There are two types of intelligence, says Gabe Zichermann, founder and CEO of Gamification Co.
What people generally think of is crystallized intelligence, the knowledge that's often tested in IQ tests. The other kind, which is what really helps people innovate and solve problems, is fluid intelligence.
People can increase their fluid intelligence by challenging themselves, thinking creatively, seeking novelty, doing things the hard way, and networking. That's precisely what a lot of games do, Zichermann told an audience at Ragan Communications' Employee Communications, PR, and Social Media Summit at Microsoft headquarters.
It doesn't even matter if you're good at playing the game or not. Simply the act of playing can boost brain power, he said.
Companies can and do take advantage of the opportunity that games present for connecting and communicating with employees. Gartner Group predicts that by 2015, roughly 70 percent of large companies will use gamification to spur innovation. But that doesn't mean you can make everything you do into a game.
Zichermann offered these insights and examples to explain how to engage in gamification the right way:
1. Games are changing us.
"Games are rewiring people's brains," Zichermann said. "They're changing people's expectations of the world."
Members of the millennial generation have grown up with games and the "intrinsic reinforcement" they offer. Achieving goals in a game releases dopamine in the brain—a hormone that makes you feel good-over and over. This is a reason why younger workers may need more positive reinforcement than older ones.
Older workers are on their smartphones more often, too, playing games of their own. Gamification is a "homeopathic cure" to the distractions of our screens, he said.
2. You don't have to hide things.
A mistake people trying to get into gamification often make, Zichermann said, is they try to make things like an "Angry Birds for muffler repair." You shouldn't take any process and just turn it into Angry Birds. It's about taking ideas from games, loyalty programs, and behavioral economics and using them effectively to communicate. What is it that ultimately makes Angry Birds fun?
For example, a game called Foldit encouraged players to solve puzzles to help scientists figure out the shapes of new proteins so those scientists could create new drugs. The game didn't try to hide the science; it promoted it. Players figured out how to do it, even though half had no scientific background.
Organizations are often populated by a core group doing intensive research while an ecosystem of people who only know bits and pieces floats around them.
"It doesn't have to be like that," Zichermann said. "We can get average people interested in these kinds of problems."
3. It doesn't have to be complicated or technological.
The most a lecture can raise achievement on its own is 17 percent, Zichermann asserted. If you throw game mechanics in, that number jumps to 108 percent. It's still necessary to teach, but the game can add a ton of benefit.

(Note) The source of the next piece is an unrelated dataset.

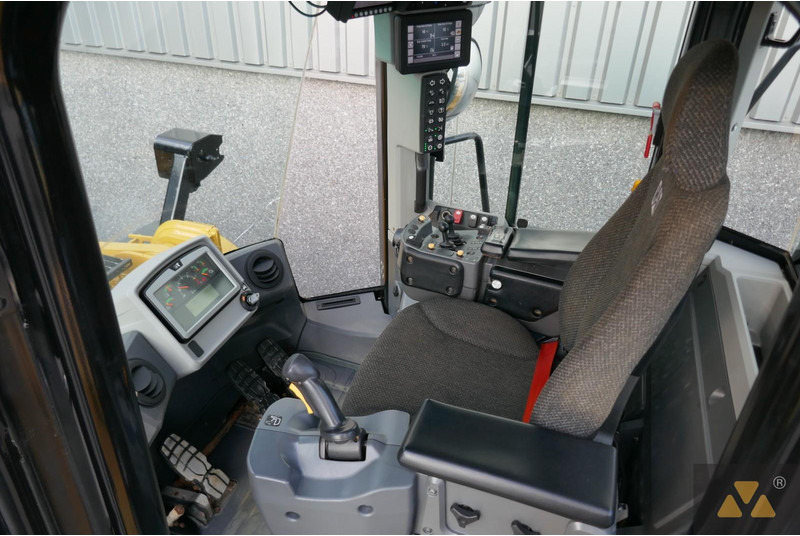 Chargeuse sur pneus Caterpillar 966M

Tim Vandenberg, a teacher in a district with lots of at-risk kids in California who is also a Monopoly champion, uses a modified version of that game to teach students about math, for instance. His approach has had great results.
"You don't need a ton of fancy technology to accomplish this objective," Zichermann said.
4. Status matters.
Some of the world's top software developers spend their free time on a site called Stack Overflow answering questions. Why? Because answering questions gives them "creds," which publicly displays their expertise.
Zichermann contended that games provide players four things: status, access, power, and stuff. And their value to players comes in that order. Status is most important; stuff, including money, is least valuable. People are hard-wired to want status, he said. The higher their perceived status, the lower their stress levels.
Apps such as Rypple can offer people instant recognition for their achievements and have supplanted annual reviews at some companies, Zichermann pointed out. Employees get kudos rather than monetary recognition, and they love it.
"We can create many status systems that allow people to move up" without having to take anything away from anyone else, he said.
5. You can't force it.
"Anything that's delivered by edict, it's not going to be that fun," Zichermann said.
But if you just put something out there and enable people to opt in, as did Next Jump's CEO, Charlie Kim, you'll get amazing levels of participation. Nearly all of Next Jump's employees work out regularly because of a competition Kim set up, but didn't require.
Part of why that initiative worked is that Kim allowed employees to team up in groups they chose.
Zichermann said some folks will even play a game that's exactly the same as the job they do every day as long as it offers "an aspirational version of that job" and isn't forced.
"If you really love what you do, you don't actually want it to stop at the end of the workday," he said.